The NOD-like receptor (NLR) family, CARD domain-containing protein 4 (NLRC4), was initially described as a pro-apoptotic protein and demonstrated to detect cytosolic flagellin [24,25,26]. NLRC4, a pivotal component of the inflammasome, is involved in endogenous danger signalling responses to multiple microbial spines and macrophage scorching [27]. Recruitment of the NLRC4 inflammasome may have a substantial effect on gram-negative bacterial infections, especially those associated with Salmonella typhimurium [28]. It has been reported that overexpression of NLRC4 increases macrophage inflammasome activity, leading to infantile small bowel colitis syndrome and recurrent macrophage activation syndrome [29, 30]. In addition, another study found that decreased NLRC4 reduced the inflammatory response; during gram-positive pneumonia, NLRC4 knockdown mice exhibited reduced inflammation and controlled bacteria more effectively than wild-type infected mice [30, 31]. Pyroptosis is a proinflammatory form of regulated cell death dependent on caspase-1 activation [5]. When in recognition of danger or pathogen-associated molecular patterns, the inflammasome initiation sensor (NLRC4) activates caspase-1, which is considered the typical inflammatory vesicle activation mode [32]. In this study, NLRC4 was highly expressed in all patients with sepsis; therefore, it is reasonable to believe that NLRC4 may cause pyroptosis by activating caspase-1 and promoting the inflammatory response, which consequently leads to the development of sepsis. As a result, NLRC4 may be considered a potential therapeutic target of sepsis for further research. At present, some lncRNAs have been demonstrated to act as important regulators in the pathogenesis of sepsis [33]. For example, it was reported that there were significant differences in the expression of lncRNA ENST00000504301.1 and ENST00000452391.1 between sepsis survivors and nonsurvivors [34, 35]. To further explore the impact of a pyroptosis gene (NLRC4) on sepsis at a deeper level, we predicted the upstream targeting factor miRNAs and lncRNAs and constructed a ceRNA network of 6 lncRNAs (MIR29B2CHG, TMEM161B-AS1, KCNQ1OT1, NEAT1, AC016876.2, XIST) and 2 miRNAs (hsa-miR-335-5p, hsa-miR-146a-5p) around NLRC4.

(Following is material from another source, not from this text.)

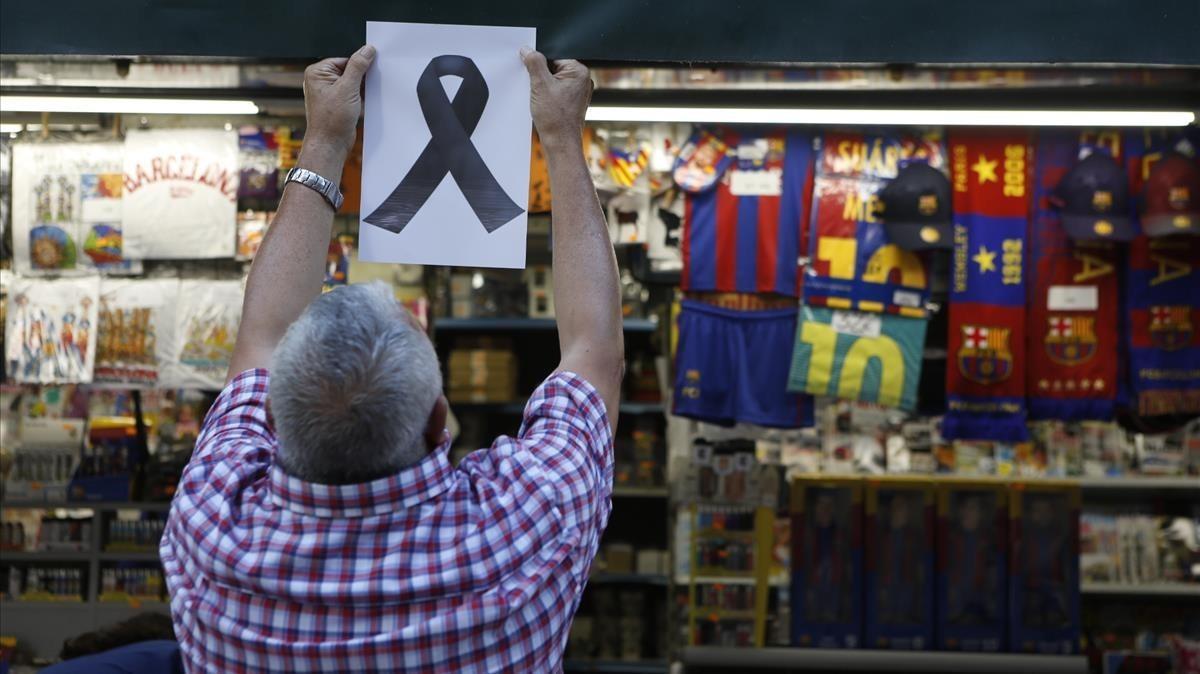 Un quiosco de la Rambla cuelga un crespón negro tras el atentado, este viernes.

Meanwhile, there are limitations to this study. The prediction results of lncRNAs and miRNAs are in a wide range and require more experimental data and literature to corroborate. Additionally, the PRGs identified in this study that have the potential to be therapeutic targets for sepsis require further literature support and basic experimental validation.

Conclusions

In this study, we identified NLRC4 as a PRG associated with sepsis based on machine learning and constructed a ceRNA network of lncRNAs and miRNAs around NLRC4, which may serve as early molecular biomarkers for therapeutic targets of sepsis. In the future, these molecular markers deserve further study in follow-up and require additional datasets and further experimental validation at the cellular or specimen level.